Liza Maza, the General Secretary of the ILPS, argued that competing economic and geopolitical interests of global powers, especially of the US, are driving wars and militarism. Maza expounded on the importance of the Asia Pacific to US economic interests, as “the fastest growing region of the world economy, an important source of raw materials and cheap labour, and site for investment, with a [vast market from its] population of 4.7 billion people.” Meanwhile, the disputed South China Sea is also crucial to China’s maritime trade.
Maza also stressed that the US and China’s economic rivalry are expressed through military aggression in the region. The war in Ukraine is another flashpoint of rivalry between global powers, with the US and North Atlantic Treaty Organisation (NATO) on one hand, and Russia on the other.
Maza concluded: “The post-Cold War unipolar world characterised by sole US dominance is eroding. We are now in a multipolar world where there exists other centres of power, like China and Russia. But history and our current realities show that the US remains the most aggressive and plunderous imperialist country.”

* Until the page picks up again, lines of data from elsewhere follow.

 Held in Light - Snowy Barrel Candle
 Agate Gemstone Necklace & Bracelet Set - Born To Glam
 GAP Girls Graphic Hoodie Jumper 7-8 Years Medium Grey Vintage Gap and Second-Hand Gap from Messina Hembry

The US remains the world’s top military spender with USD 877 billion expenditure in 2022, even exceeding the combined expenditure of the next top ten countries by military spending. In 2021, US arms companies accounted for more than half of the world’s total arms sales. It maintains around 750 military bases in at least 80 countries. The US also exercises its power through its post-9/11 “War on Terror” and aggressive sanctions.

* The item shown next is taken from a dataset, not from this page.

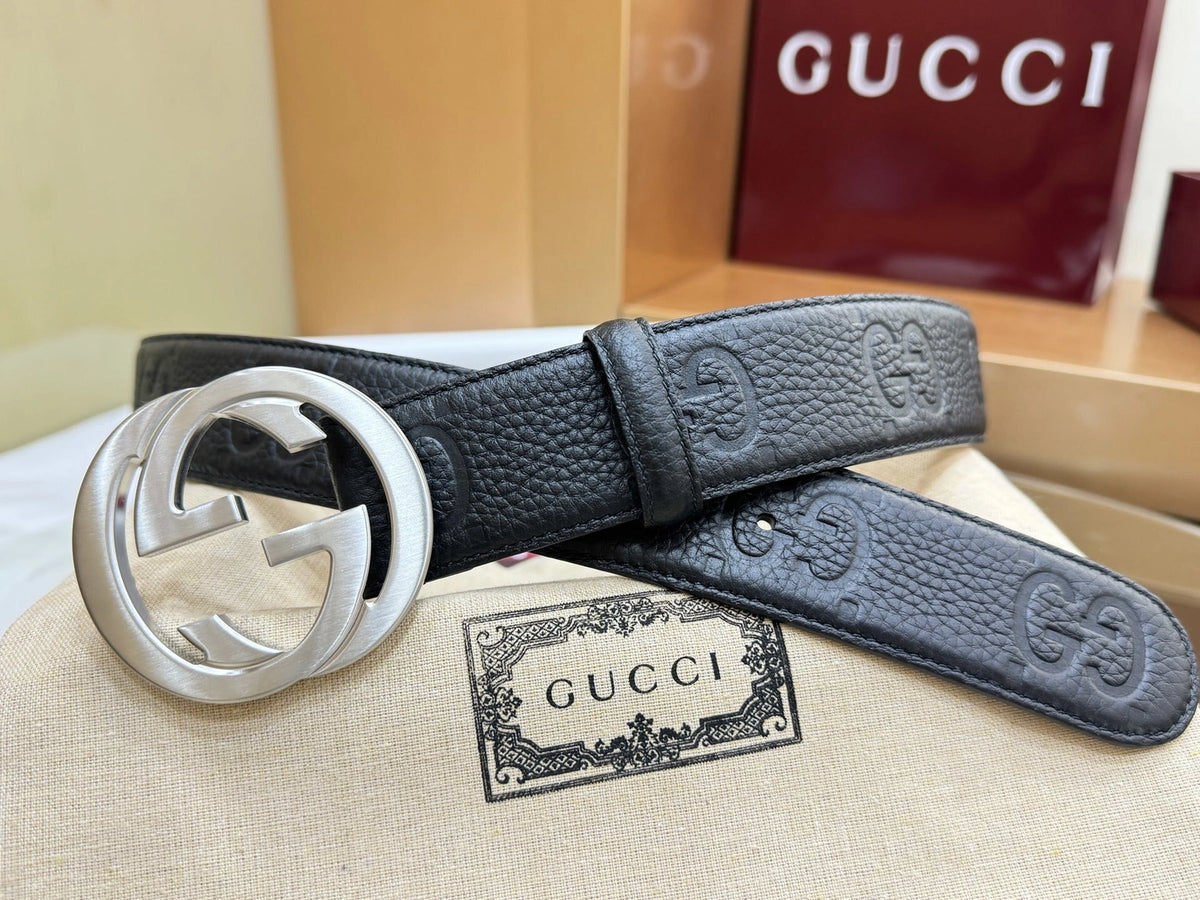 Gucci Premium Leather Belt with Interlocking G Buckle - Hình 5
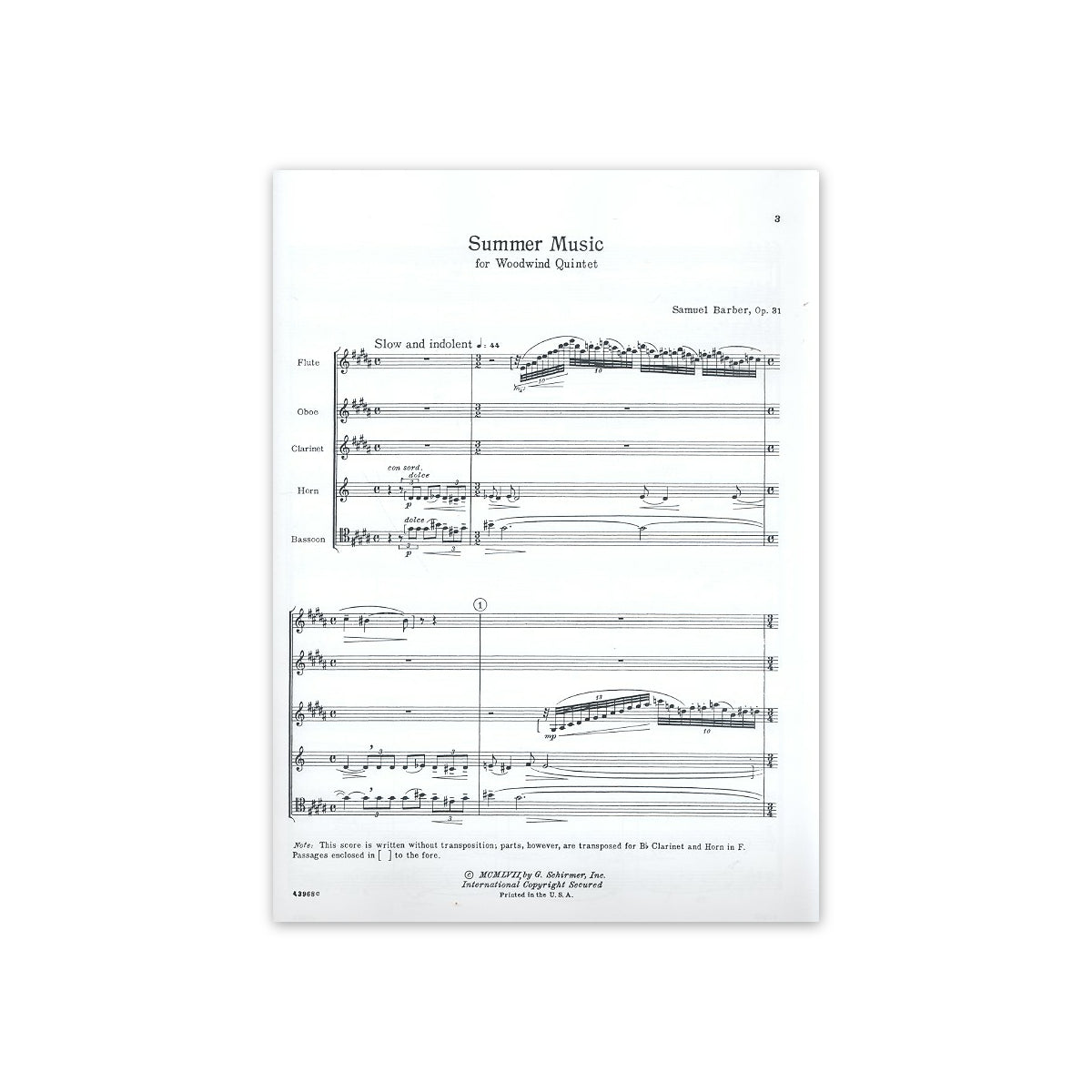 Barber S., Summer Music - Hbl.quintett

Rochelle Porras, the Executive Director of EILER, focused on the plight of workers under prevailing neoliberalism in 2023. “There is a stark contrast between the growing wealth of capitalists in the US and the rest of the global North, and the historical decline in workers’ wages, especially in the global South. Neoliberal policies, such as labour flexibilisation and deregulation of wages, imposed by the IMF and World Bank for decades, have created these realities,” Porras said.
Porras also highlighted the importance of strikes and actions to realise demands for economic and democratic rights. “By unionising, workers are able to realise their collective power to defend and fight for their rights to living wages and better working conditions,” she said. Unionisation, strikes, and people’s actions have expanded across the world, with estimates showing at least 12,500 protest events in 148 countries against high energy and food prices in 2022.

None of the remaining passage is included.